O veículo já pode ser levado direto para a oficina de pintura, onde será desmontado, lixado e pintado com a cor padrão táxi. É uma espécie de rito de passagem pelo qual todo táxi de Porto Alegre passa. Aquele carro inocente, desarmado, sairá pintado para a guerra, munido de faixas laterais, taxímetro, luminoso no teto e figa no retrovisor, porque um pouco de fé também não faz mal a ninguém.
Taxistas mais românticos colocarão capas nos bancos, capa na direção, tapetes extras e um engate de reboque para proteger a traseira. Tudo na vã tentativa de preservar a integridade do pobre autinho que está prestes a cair na vida. Um minuto de silêncio...
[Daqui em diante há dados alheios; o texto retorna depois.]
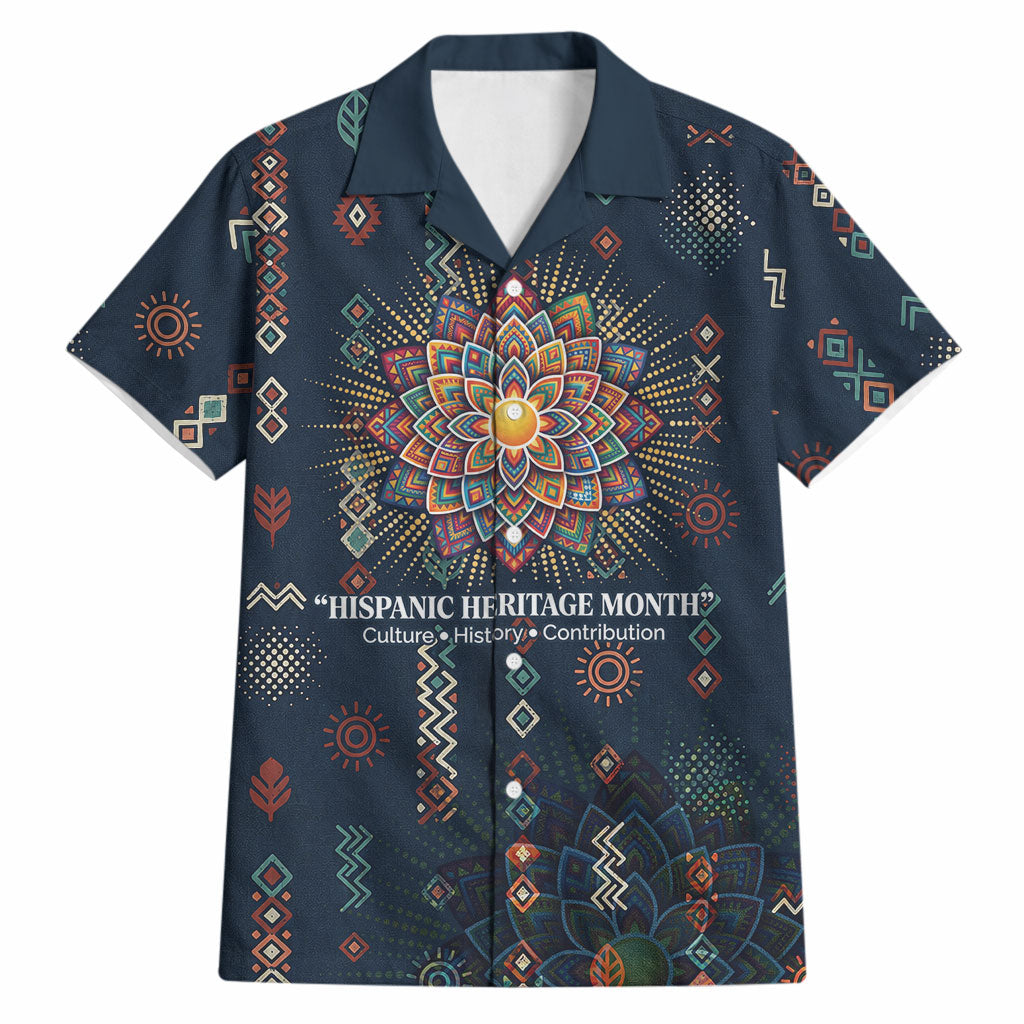 Hispanic Heritage Month Hawaiian Shirt Colorful Aztec Mandala - Latin American Flags Culture History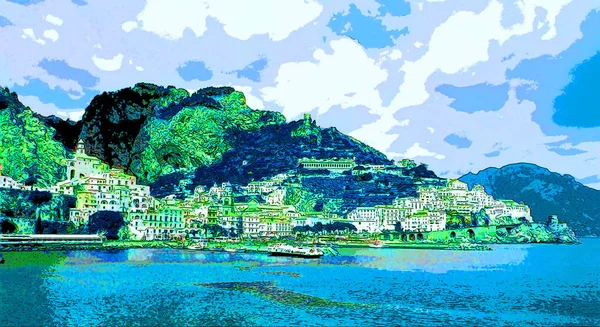 Italian Town Sea Illustration Pop Art Background — Stok fotoğraf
Depois de abrir a porta para o primeiro passageiro, não resta outra alternativa senão seguir em frente. Muitos outros clientes virão. Além da maioria educada e cordial, virão também bêbados virando cerveja, madames com seus cachorros, atletas suados, crianças comendo picolés, assaltantes armados, compras com embalagens furadas além de todo tipo de secreção humana da qual é melhor nem falar.
Nos primeiros dias de praça, o táxi será elogiado por sua firmeza, maciez e cheirinho de novo. Elogios que irão rareando com o decorrer do primeiro mês de praça até não serem mais ouvidos. Mal comparando, os mesmos elogios que uma prostituta em começo de carreira deve ouvir, até que o viço da idade vá se perdendo entre os lençóis de sua vida nada fácil.
Acabo de trocar meu táxi. O primeiro passageiro a usá-lo foi um gordo suado, que falava ao celular. Inaugurou meu carro sem o menor pudor, pagou a corrida, bateu a porta e se foi. É assim mesmo. Quem se importa com os sentimentos de um táxi?
9 comentários:
eu até evito bater porta dos taxis, e quando o veículo é limpo e bem cuidado eu até me animo a deixar 2 pila a mais pro piloto tomar um café...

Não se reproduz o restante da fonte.